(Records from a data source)
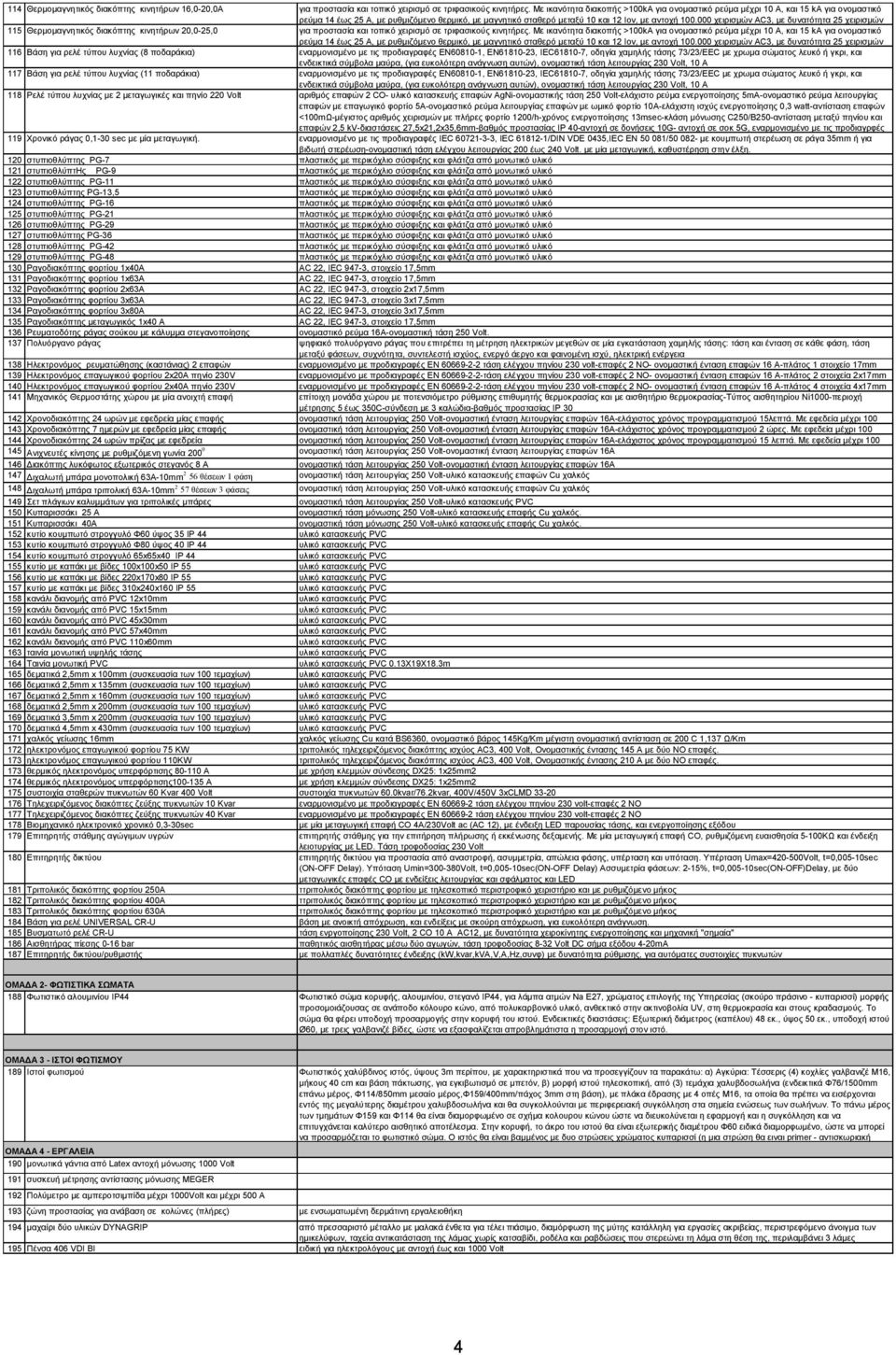 000 χειρισμών AC3, με δυνατότητα 25 χειρισμών 115 Θερμομαγνητικός διακόπτης κινητήρων 20,0-25,0 για προστασία και τοπικό χειρισμό σε τριφασικούς κινητήρες.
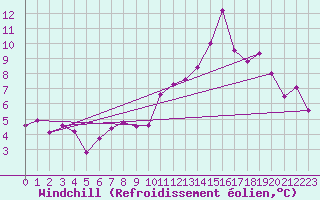Courbe du refroidissement olien pour Douzy (08)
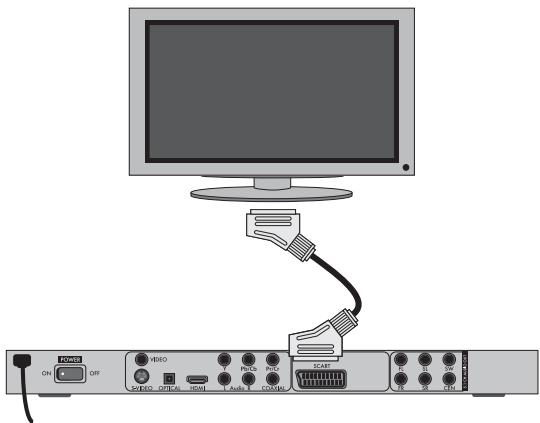 Diagram showing connections between a monitor and a network device with labeled ports and connectors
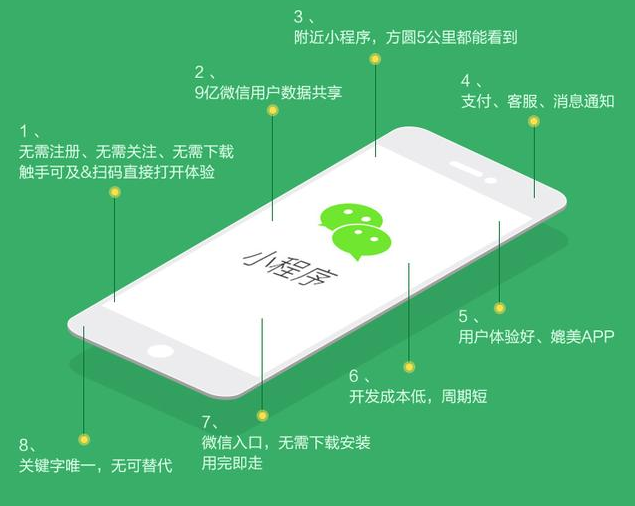 美容999精品啪视频永久免费技术领先，服务优质
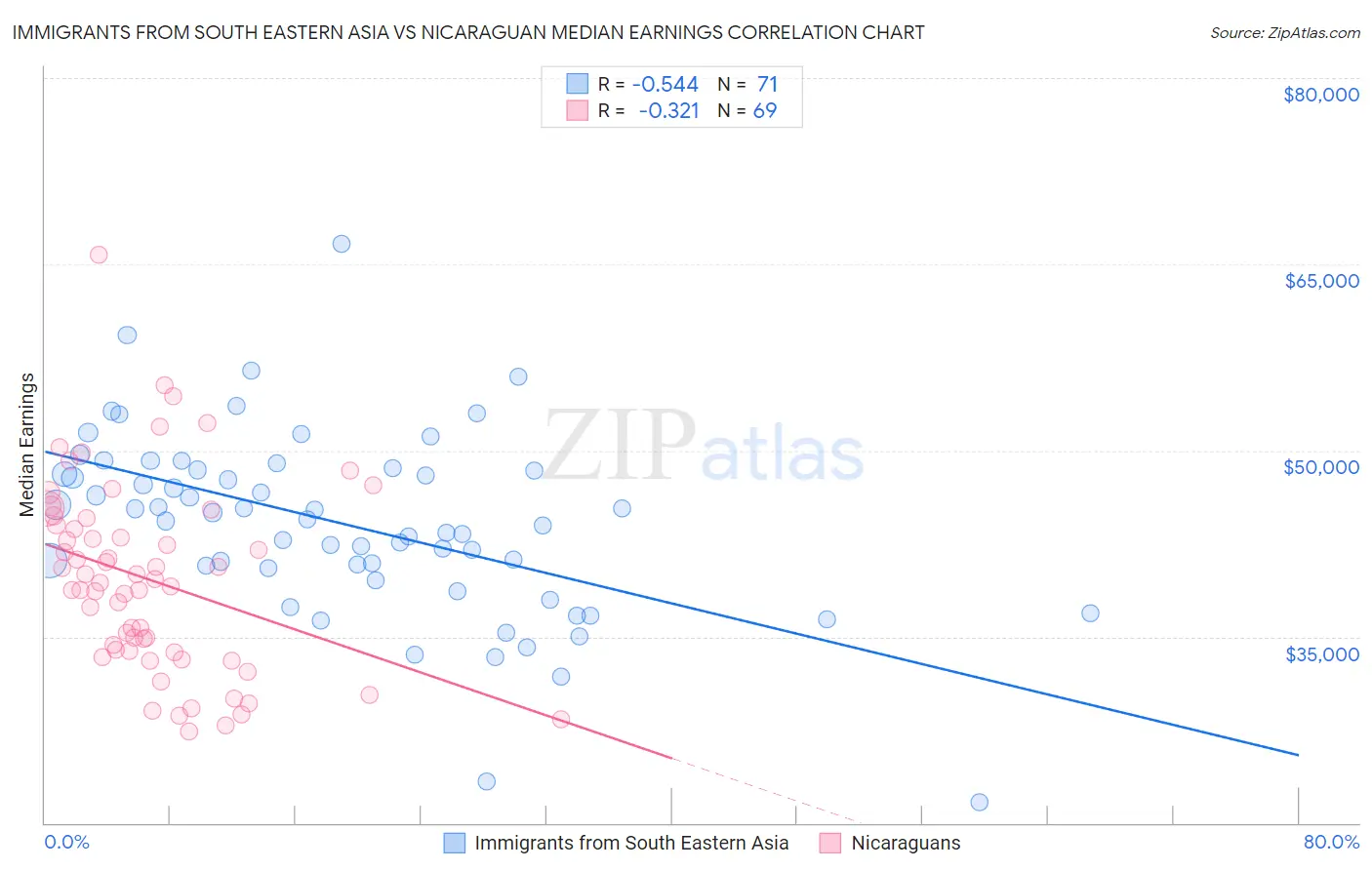 Immigrants from South Eastern Asia vs Nicaraguan Median Earnings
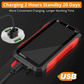 📢📢50%  OFF !!!⏰Limited-time offer-USB Rechargeable Digital Multimeter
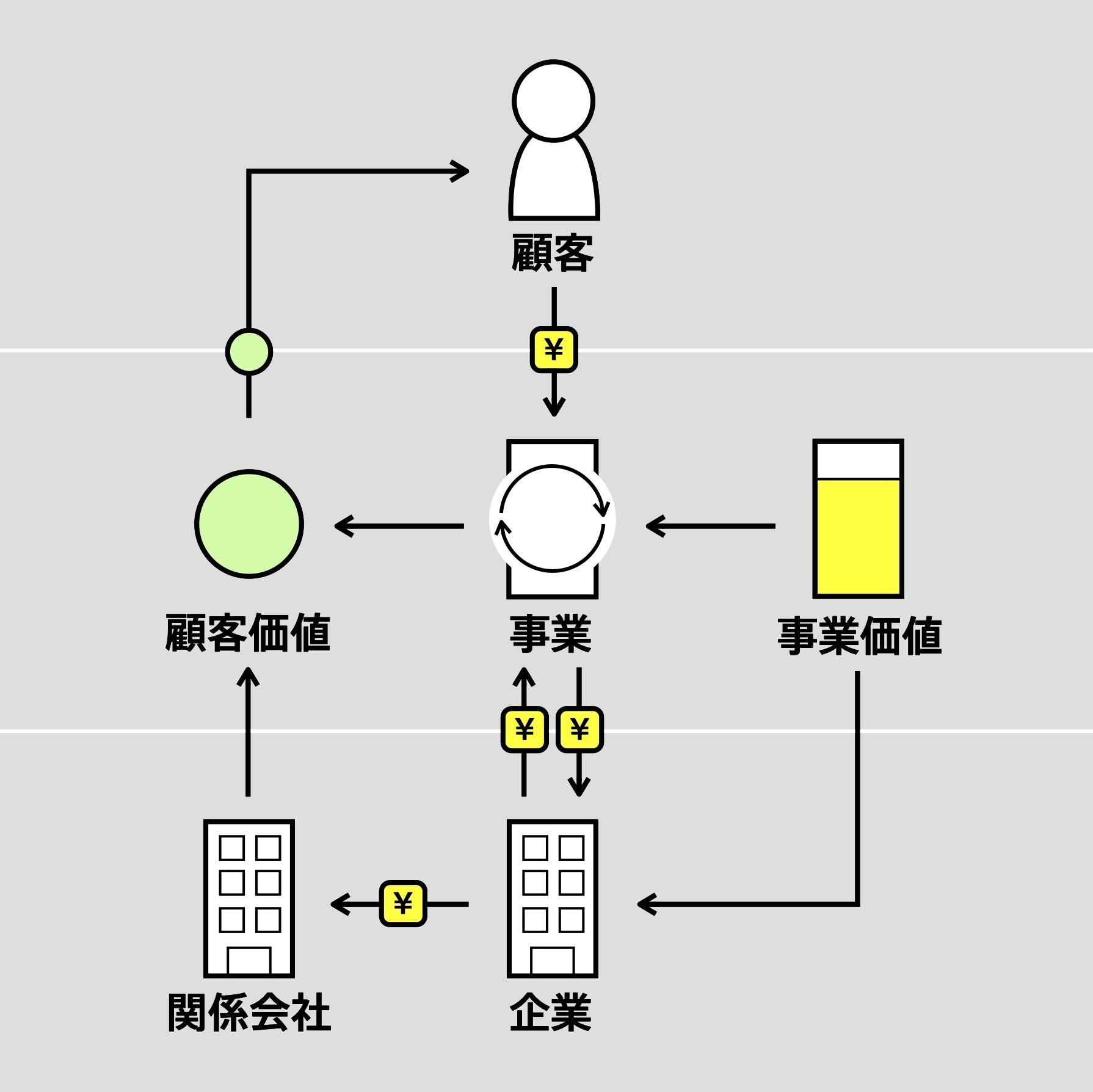 ビジネスモデルを「見える化」するピクト図解 「ビジネス３Ｗ１Ｈ」を意識してビジネスモデルを読み解け戦略DIAMOND ハーバード・ビジネス ・レビュ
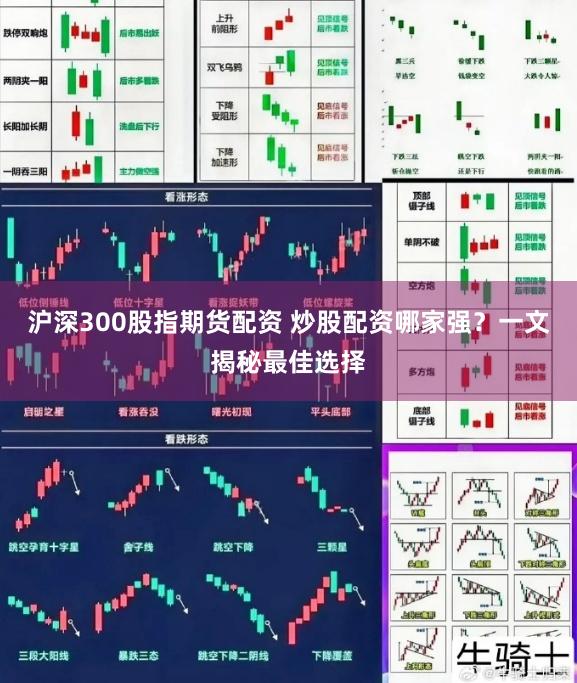 沪深300股指期货配资 炒股配资哪家强？一文揭秘最佳选择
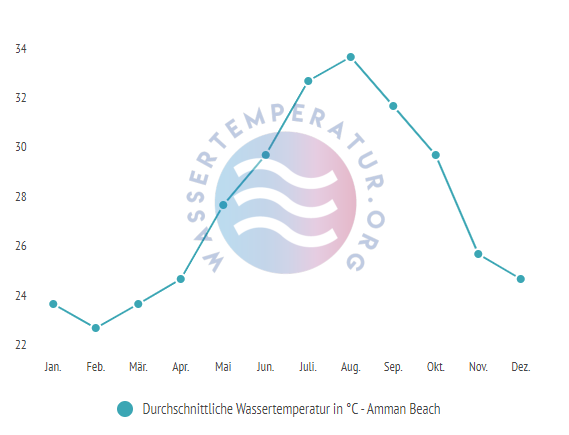 Durchschnittliche Wassertemperatur in Amman Beach im Jahresverlauf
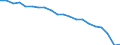 Maßeinheit: Prozent / Geschlecht: Insgesamt / Internationale Standardklassifikation des Bildungswesens (ISCED 2011): Unterhalb des Primarbereichs, Primarbereich und Sekundarbereich I (Stufen 0-2) / Altersklasse: 15 bis 29 Jahre / Geopolitische Meldeeinheit: Niederlande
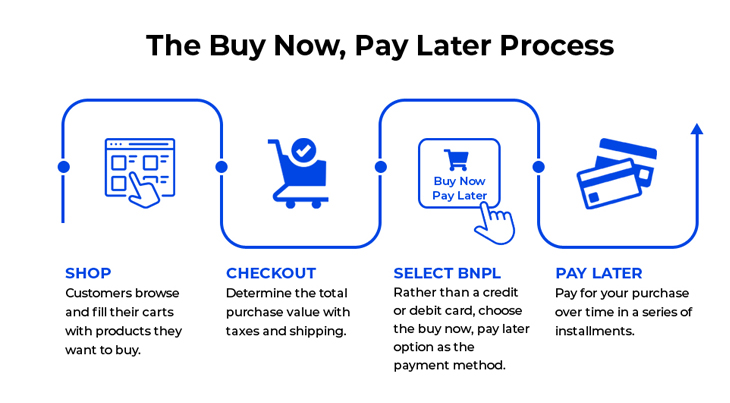 The Buy Now, Pay Later Checkout Process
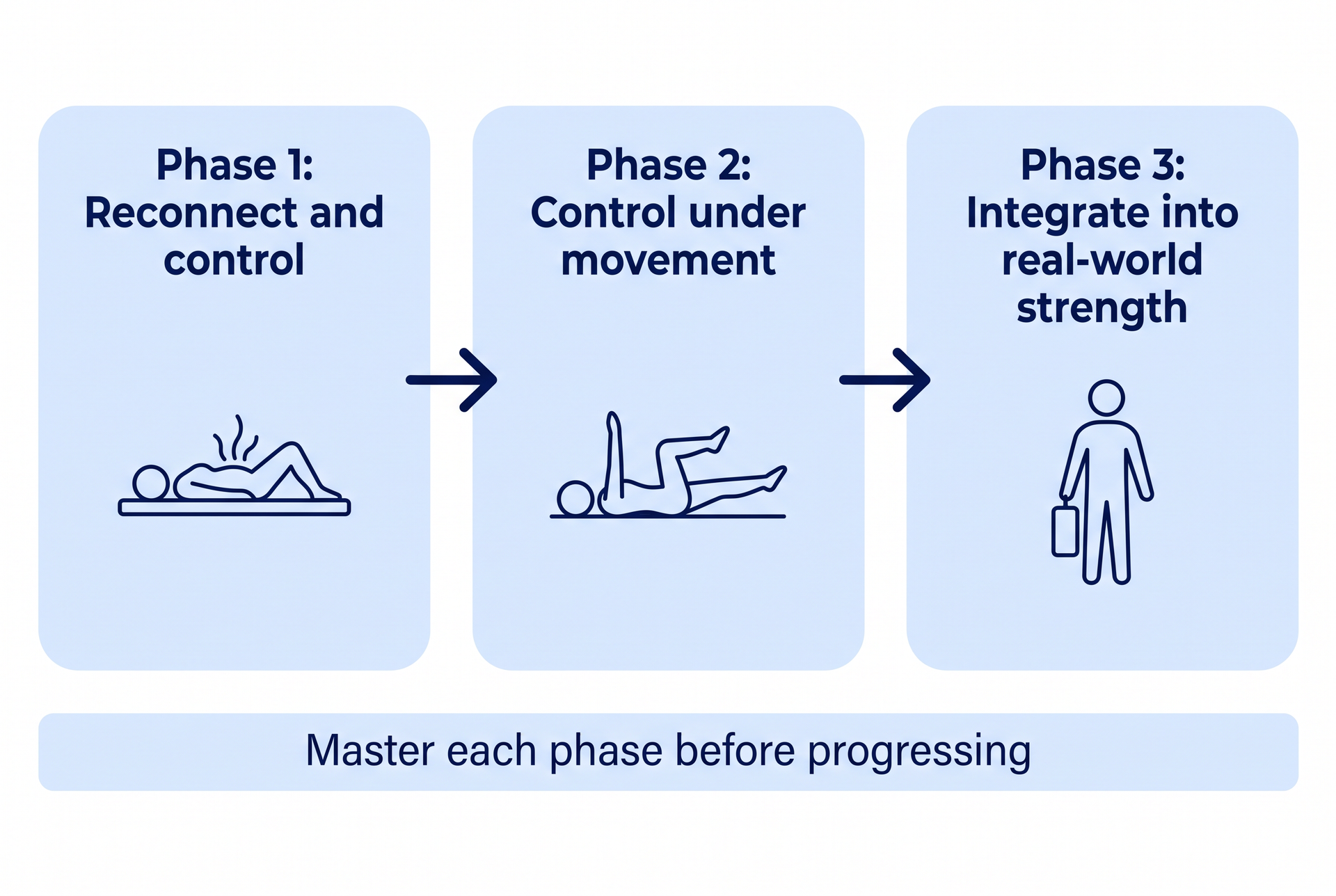 A three-step ladder diagram showing the postpartum recovery phases: Phase 1 reconnect and control, Phase 2 control under movement, Phase 3 integrate into real-world strength.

#### WHAT TO DO
Find the line that contains "The Buy Now, Pay Later Checkout Process", then write out that line and every line after it through the end of the records, exactly. Leave the pictures out.

#### TASK RESPONSE
 The Buy Now, Pay Later Checkout Process
 A three-step ladder diagram showing the postpartum recovery phases: Phase 1 reconnect and control, Phase 2 control under movement, Phase 3 integrate into real-world strength.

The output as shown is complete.